# מתרכסנת



## dukaine

I can't find a source that recognizes this word. It's in reference to a coat

"חום-מהגוני עם שכבת בידוד שמתרכסנת פנימה כשקַר" (from סיפור אהבות by כנרת רוזנבלום)


----------



## elroy

I think it might be a typo for מתלכסנת.  I also think פנימנה should be פנימה.

חום-מהגוני עם שכבת בידוד שמתלכסנת פנימה כשקַר = mahogany brown, with an insulating layer that bends inward when it's cold 

מתלכסנת is usually "slants," but I feel like "bends" sounds better here; there may be a more fitting translation, though.


----------



## ystab

I suppose מתרכסנת from רוכסן - zipper, hence zips up, or something like that.


----------



## dukaine

ystab said:


> I suppose מתרכסנת from רוכסן - zipper, hence zips up, or something like that.


The zipper thing makes sense. You can puf a coat over your shoulders and zip from the inside before putting your arms through.


----------



## dukaine

elroy said:


> I also think פנימנה should be פנימה.


That was my typo. I fixed it. Thanks!


----------



## elroy

I still don't have a clear mental image of this.  Is it saying that you _can_ zip up the insulating layer (or "zip it inward," whatever that would mean) when it gets cold?  In other words, does מתרכסנת refer to a _property_ of the coat's insulating layer ("zippable") as opposed to something it _does_ (automatically)?


----------



## dukaine

Perhaps the insulating layer is removable, and fastens to the inside of the coat by a zipper.


----------



## elroy

Ah, that makes sense!  And I've seen those before.
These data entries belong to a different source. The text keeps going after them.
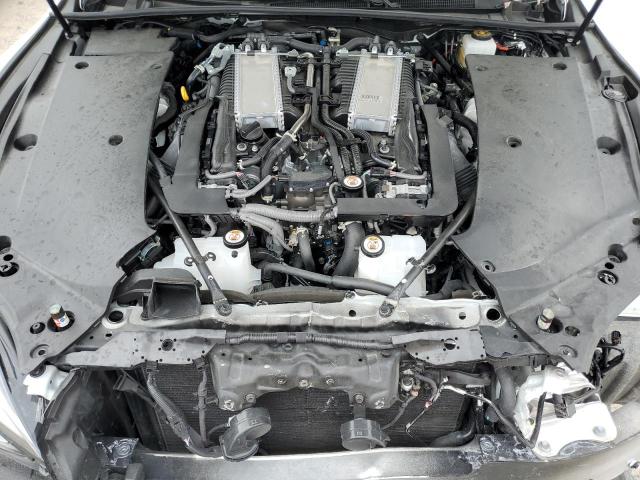 Photo 11 from auction – 2022 LEXUS LS 500 with VIN JTHG5LGF5N5010575
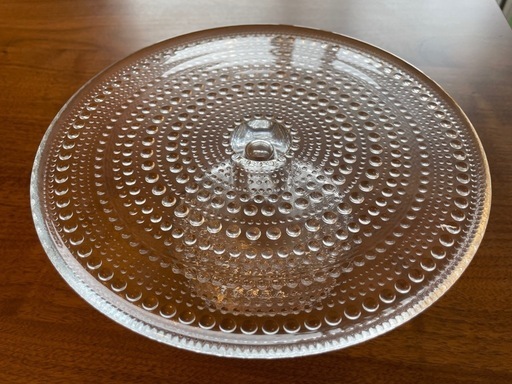 【値下げ】 ケーキ　スタンド 24cm 公式ストア売り切れ商品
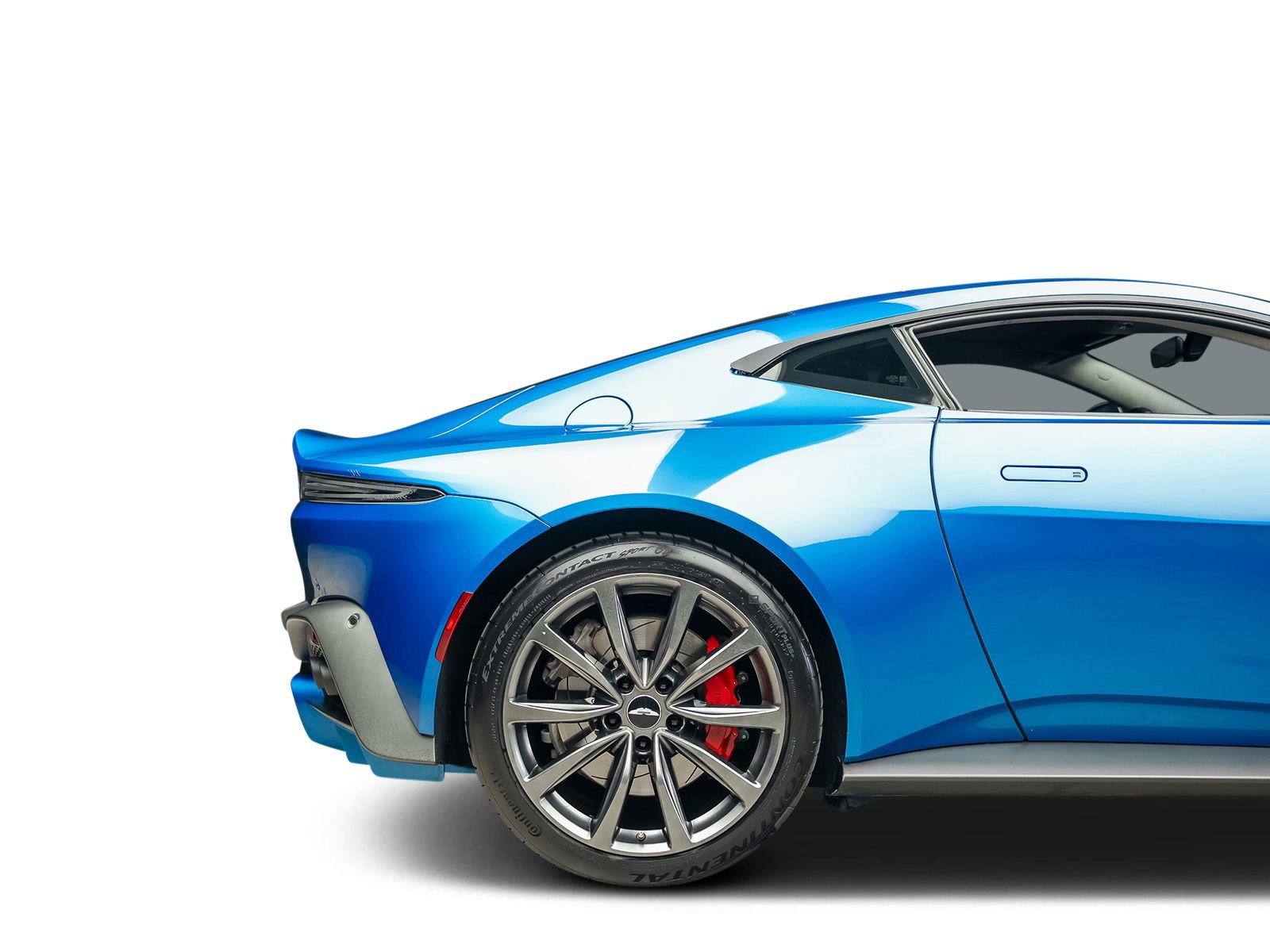 Used 2020 Aston Martin V8 Vantage Coupe RWD image 31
So in this case it does refer to a property (something that _can_ be done rather than something that automatically happens).


----------



## dukaine

I also see now the Hebrew word for zipper plus the mit- prefix makes the word "zippable", since the mit- prefix indicates something inherent.


----------



## elroy

Not necessarily.  It can also refer to an action; for example, הוא מתנצל, "he apologizes," or הוא מתקשר, "he gets in touch," etc.  It depends on the context.  What we can say is that it _can_ map onto the English suffix _-able_ (or _-ible_), as this example shows.


----------



## dukaine

I'm aware that there are multiple indications for mit-. The one I mentioned was the most applicable. Hitpael verbs in general stand alone and need prepositions to further clarify what the verb is doing, which goes back to the idea of inherence (if that's a word).


----------